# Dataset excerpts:

--- START ---

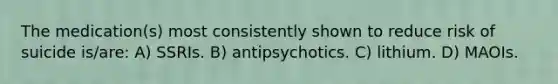 The medication(s) most consistently shown to reduce risk of suicide is/are: A) SSRIs. B) antipsychotics. C) lithium. D) MAOIs.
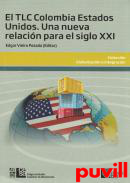 EL TLC Colombia-Estados Unidos : nueva relacin para el siglo XXI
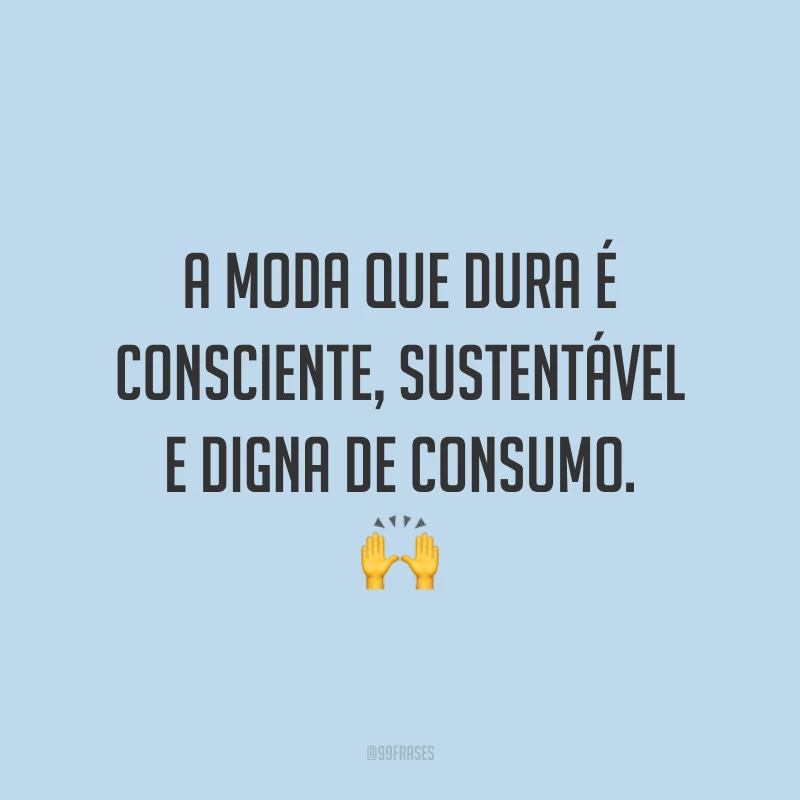 A moda que dura é consciente, sustentável e digna de consumo. 🙌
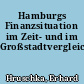 Hamburgs Finanzsituation im Zeit- und im Großstadtvergleich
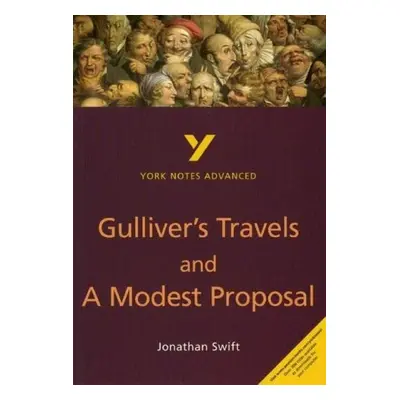 Gulliver's Travels and A Modest Proposal everything you need to catch up, study and prepare for 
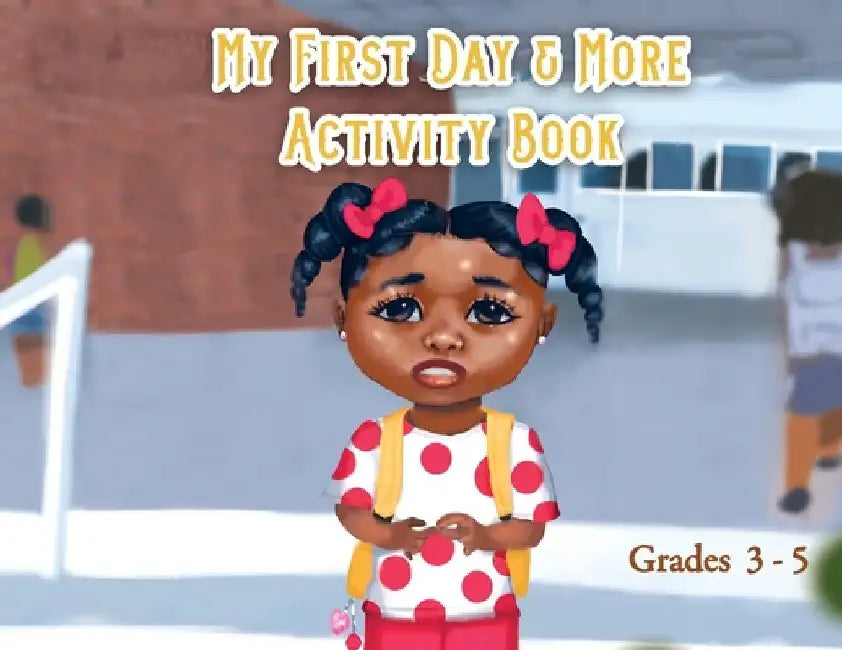 My First Day and More Activity Book by Markethia Mull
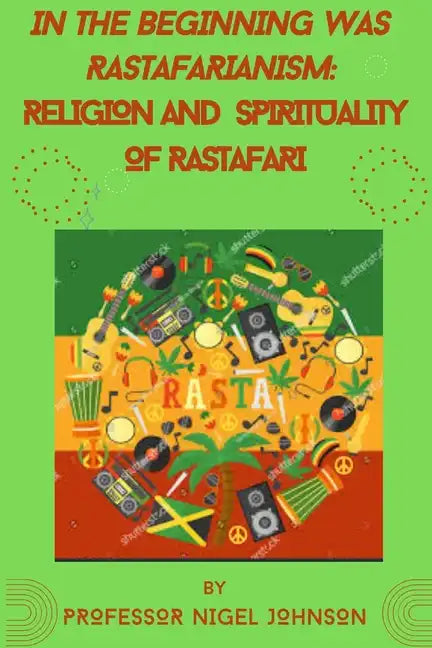 In the Beginning Was Rastafarianism: Religion and Spirituality of Rastafari - Paperback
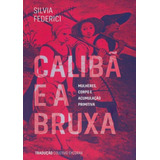 Caliba E A Bruxa - Mulheres,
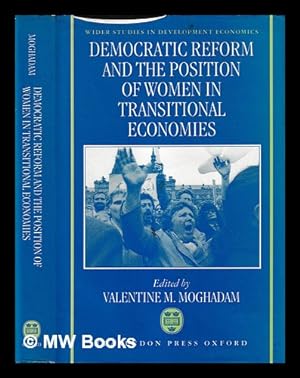 Immagine del venditore per Democratic reform and the position of women in transitional economies / edited by Valentine M. Moghadam venduto da MW Books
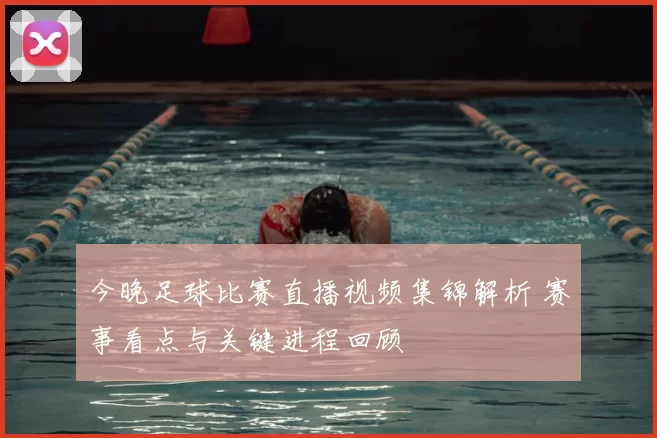 今晚足球比赛直播视频集锦解析 赛事看点与关键进程回顾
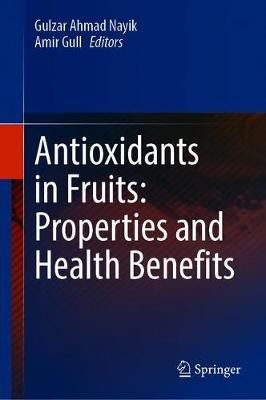 Antioxidants in Fruits: Properties and Health Benefits 9789811572845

--- END ---

# DIRECTIONS FOR THIS TASK:
The lines needed run from the first line of the records through the line containing "今晚足球比赛直播视频集锦解析 赛事看点与关键进程回顾", both included. Restate them word for word, without pictures.

# TASK ANSWER:
 The medication(s) most consistently shown to reduce risk of suicide is/are: A) SSRIs. B) antipsychotics. C) lithium. D) MAOIs.
 EL TLC Colombia-Estados Unidos : nueva relacin para el siglo XXI
 A moda que dura é consciente, sustentável e digna de consumo. 🙌
 Hamburgs Finanzsituation im Zeit- und im Großstadtvergleich
 Gulliver's Travels and A Modest Proposal everything you need to catch up, study and prepare for 
 My First Day and More Activity Book by Markethia Mull
 In the Beginning Was Rastafarianism: Religion and Spirituality of Rastafari - Paperback
 Caliba E A Bruxa - Mulheres,
 Immagine del venditore per Democratic reform and the position of women in transitional economies / edited by Valentine M. Moghadam venduto da MW Books
 今晚足球比赛直播视频集锦解析 赛事看点与关键进程回顾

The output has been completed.